Syndic. de copro. PARC [W]

Copie exécutoire délivrée

le :

à :

Me Marie-Anne COLLING

Me Farouk MILOUDI

Décision déférée à la Cour :

Ordonnance de référé rendue par le Président du Tribunal Judiciaire de NICE en date du 06 mai 2022 enregistrée au répertoire général sous le n° 22/00750.

APPELANTES

Madame [Z] [B] épouse [S]

née le 18 juillet 1961 à [Localité 1], demeurant [Adresse 4] - [Localité 1]

Madame [K] [B]

née le 08 février 1954 à [Localité 1], demeurant [Adresse 4] - [Localité 1]

représentée par Me Marie-Anne COLLING de la SELARL LSCM & ASSOCIÉS, avocat au barreau d'AIX-EN-PROVENCE substituée par Me Benjamin DELBOURG, avocat au barreau d'AIX-EN-PROVENCE, plaidant

INTIME

Syndicat des copropriétaires PARC [W] sis [Adresse 3] - [Localité 1] représenté par son syndic la SARLCABINET DE GESTION DALBERA dont le siège social est situé [Adresse 2] ' [Localité 1]

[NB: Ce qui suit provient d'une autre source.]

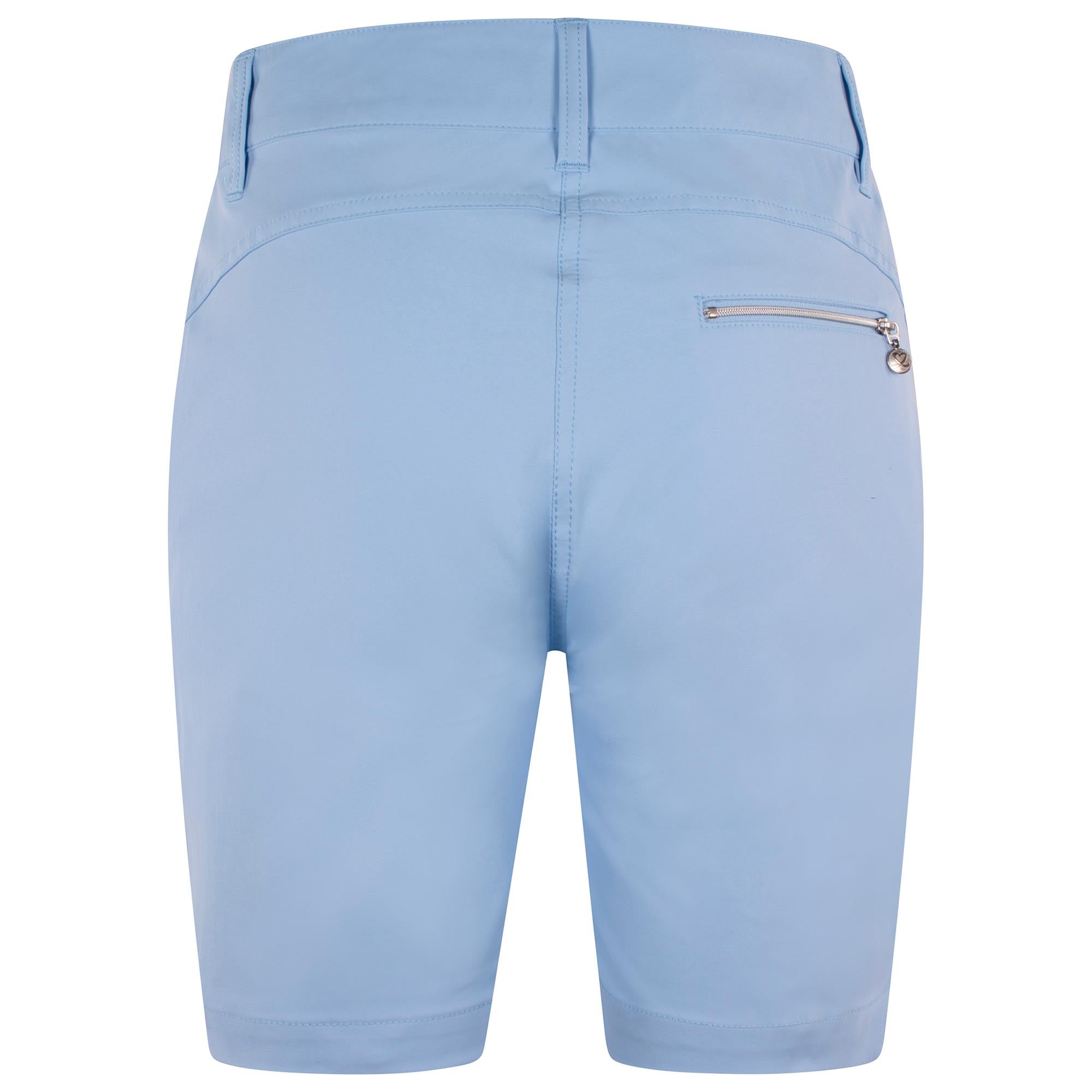 Daily Sports Glam Ladies Golf Shorts Light Blue 45CM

représenté par Me Farouk MILOUDI, de la SELARL GHM, avocat au barreau de NICE, plaidant

*-*-*-*-*

COMPOSITION DE LA COUR

L'affaire a été débattue le 30 Mai 2023 en audience publique. Conformément à l'article 804 du code de procédure civile, Mme NETO, Conseillère,a fait un rapport oral de l'affaire à l'audience avant les plaidoiries.

La Cour était composée de :

M. Gilles PACAUD, Président

Mme Angélique NETO, Conseillère rapporteur

Madame Myriam GINOUX, Conseillère

qui en ont délibéré.

Greffier lors des débats : Mme Julie DESHAYE.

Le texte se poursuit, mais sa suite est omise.